Raide, figée et frémissante dans l’alcôve du couvent, déchaînée et avide de désir dans ses rêves, Vanessa Redgrave est extraordinaire pour exprimer la folie grandissante de son personnage. Quand Grandier acceptant ce qu’il est finit par trouver l’amour sincère avec Madeleine De Brou (Gemma Jones), Jeanne sombrera définitivement dans la démence. Leur deux parcours se font en parallèle, Russell alternant les séquences romantiques élégiaques pour le couple Grandier/Madeleine et dérapages graphiques divers pour Jeanne avec notamment des séquences de masturbation frénétiques. Le machisme de l’époque est subtilement dénoncé, les couvents étant des nids de vieilles filles frustrées qui pense soigner dans l’isolement et la foi leurs désirs inassouvis quand les hommes même sous l’habit religieux peuvent exprimer foi et attrait charnel.

Le récit se déroule à une époque de reconquête pour l’Église catholique romaine, un objectif qui sert plus des ambitions politiques que religieuses. Cette aura de l’église, après avoir dessiné un versant imparfait mais humain à travers les personnages de Grandier et Jeanne va adopter un visage froid sous les traits calculateurs de Richelieu (Christopher Logue). La deuxième partie du film est ainsi une longue suite de tableaux hystériques servant le complot afin de confondre Grandier et faire tomber la ville. C'est le troisième espace qui constitue cette fois véritablement l'enfer sur terre.

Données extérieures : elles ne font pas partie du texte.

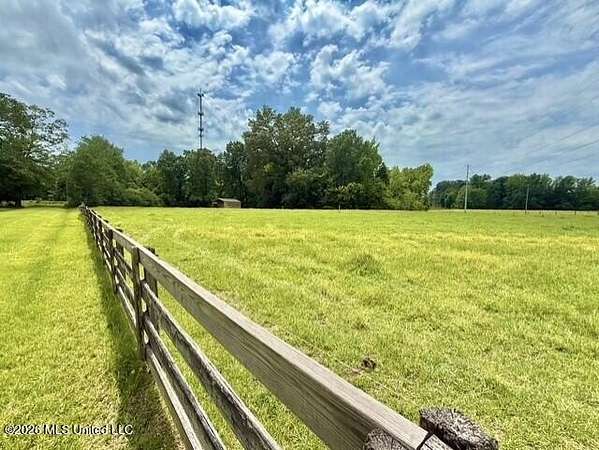 9.7 Acres of Land for Sale in Terry, Mississippi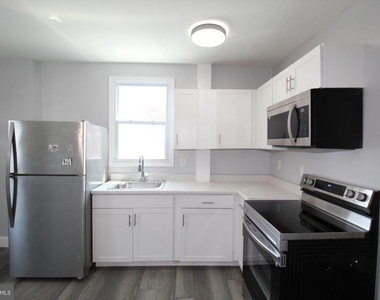 1913 S 20th Street - Photo Thumbnail 14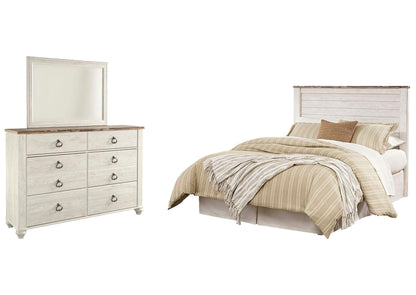 Willowton Queen Bed with Dresser & Mirror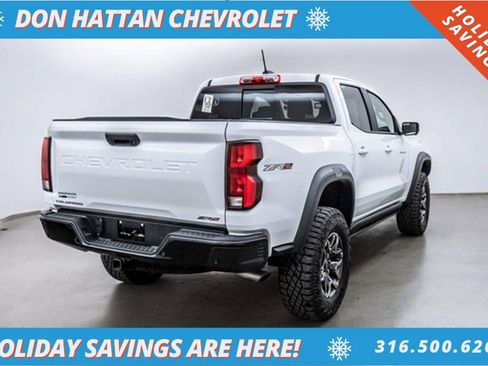 Used 2024 Chevrolet Colorado ZR2 w/ ZR2 Convenience Package III image 39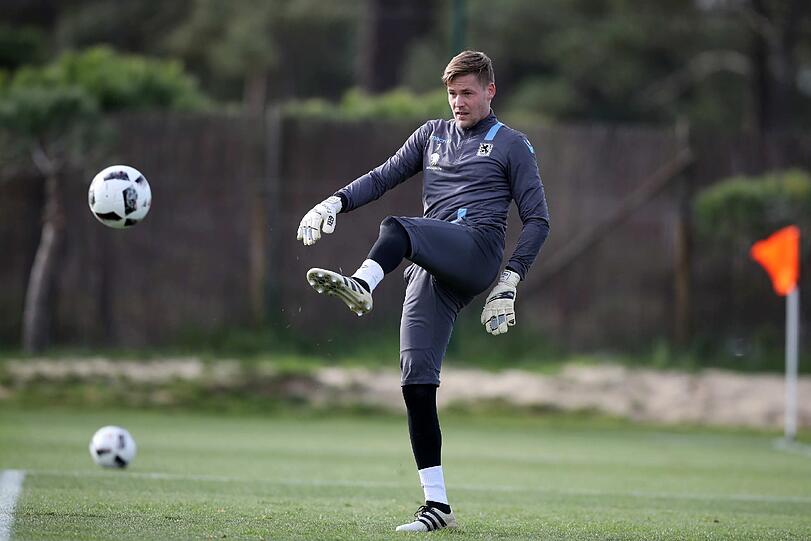 Schuften, stemmen, springen bis zu Erschöpfung. Die schweißtreibenden Trainingsbilder vom Dienstag zum Durchklicken.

Jouet de desseins qui la dépasse, Jeanne subira les derniers outrages, Russell déployant toute la folie dont il est capable dans des séquences d’inquisitions qui aussi folles soient-elles reflètent la réalité des évènements. La force du réalisateur est d’y amener une atmosphère de pur cauchemar à travers les éclairages baroques de David Watkin, les décors néoclassiques de Derek Jarman où après l’austérité clinique du début on passe à des compositions de plans surchargées, des gros plans et zooms agressifs sur des visages déformés dans des rictus de pur démence. 

Russell a beau filmer la confusion, jamais sa mise en scène n’y cède. Les cadrages dessinent la dimension totalitaire de cette église (les lignes architecturales qui dévoilent la prison, la chape de plomb et le côté oppressant de cette société notamment lors de la scène de procès finale) et l’ironie mordante fait mouche sous le dégout. L’inquisition libère ainsi une dépravation qui avait relativement réussi à être contenue par les nonnes qui désormais s’abandonne aux orgies les plus extravagantes.

Si l’on avait le moindre doute d’une conviction sincère des inquisiteurs malgré leurs actes révoltants, la séquence où ils s’absolvent de leur péché par une relique religieuse qui n’en est pas une en dit long sur leur cynisme. Michael Gothard en chasseur de sorcière à l’allure et agitation de rock star exprime le versant le plus chaotique quand Murray Melvin (dans un rôle voisin du précepteur fourbe qu’il tiendra dans Barry Lyndon (1975)) dévoile lui le calcul et l’hypocrisie de ces fous de dieu.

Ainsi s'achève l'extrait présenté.